A culture focused on control and punishment produces certain predictable effects. Employees learn to comply with rules when observed, but may adopt other behaviors when not in sight. They hesitate to report incidents or near misses for fear of being blamed. Managers spend a lot of time "finding faults" instead of trying to understand why certain rules are not being followed. Prevention then becomes a game of hide-and-seek, where everyone tries to protect themselves rather than contribute to collective improvement.
Conversely, a culture based on trust and responsibility rests on the idea that most people are inherently committed to doing things right. It posits that if safety lapses occur, it is often because the system does not allow them to work effectively: instructions ill-suited to reality, lack of time, inappropriate tools, or conflicting objectives. In this approach, the company prioritizes understanding the reasons for these lapses, adapting its organization, and facilitating safe behavior. It continues to establish clear rules and penalize deliberately dangerous acts, but it distinguishes between willful negligence and errors made under pressure.
Moving from one model to another cannot be decreed. It first requires work on management's discourse and practices. When leaders claim they want a culture of trust but continue to demand results at all costs, reacting only when accident figures rise, and never acknowledging prevention efforts, the message remains ambiguous. Transformation begins with consistent decisions: agreeing to suspend production to correct a dangerous situation, supporting a manager who has halted a project, publicly recognizing an employee who has refused a risky task.
The role of frontline managers is once again central. They are the ones who embody, on a daily basis, the type of culture the company wants to develop. A manager who systematically reacts with blame or threats when an incident occurs fuels fear. A manager who, on the contrary, seeks to understand, listens, and involves their team in finding solutions, lays the foundation for shared responsibility. This does not mean they should accept everything, nor abandon setting boundaries: they remain the guarantor of the framework, but they exercise this responsibility in an educational rather than punitive manner.

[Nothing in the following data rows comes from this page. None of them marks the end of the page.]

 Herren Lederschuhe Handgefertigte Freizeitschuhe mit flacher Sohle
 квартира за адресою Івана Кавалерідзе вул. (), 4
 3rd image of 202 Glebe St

In a culture of trust, the company establishes simple channels for reporting dangerous situations, near misses, and ideas for improvement. It guarantees that these reports will not be used against individuals, but rather as raw material for continuous improvement. It provides feedback on the actions taken: nothing is more demotivating than a system where an "idea box" is filled with suggestions that go unheeded. Over time, this dynamic can create a shared vigilance reflex.

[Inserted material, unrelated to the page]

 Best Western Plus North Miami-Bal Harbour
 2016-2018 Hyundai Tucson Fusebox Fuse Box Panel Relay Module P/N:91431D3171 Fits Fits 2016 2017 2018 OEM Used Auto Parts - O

A culture focused on punishment often emphasizes accident statistics, accident-free hours, and "compliant" audits. A culture of responsibility is more interested in indicators of preventive activity: the number of safety inspections conducted, the number of hazardous situations reported, corrective actions implemented, and participation in feedback workshops. These indicators value effort, not just results, and allow for anticipation rather than reactive behavior.
A culture of trust is not a culture of permissiveness. It does not preclude sanctions, but these are used in a targeted, proportionate, and reasoned manner, only in cases where dangerous behavior is clearly intentional and repeated, despite explanations and warnings. This distinction between an honest mistake and serious misconduct must be explained and shared to avoid misunderstandings. In some cases, involving employee representatives in discussions about situations where sanctions are legitimate can help build a more shared framework.

The transition from one culture to another takes time. It can be disorienting, especially for managers accustomed to a highly directive management style. It requires support: training in constructive feedback, development of interpersonal skills, and spaces for discussing the difficulties encountered. But it is also an opportunity to give new meaning to prevention, to move it beyond a purely disciplinary framework and integrate it into a broader project: that of a work collective where everyone feels responsible for the safety of all.
Ultimately, a culture of trust and responsibility in HSE is not only more humane, but also more effective. It allows for earlier detection of early warning signs, faster correction of problems, and greater leveraging of team intelligence. It transforms prevention from a set of external constraints into a natural way of working together.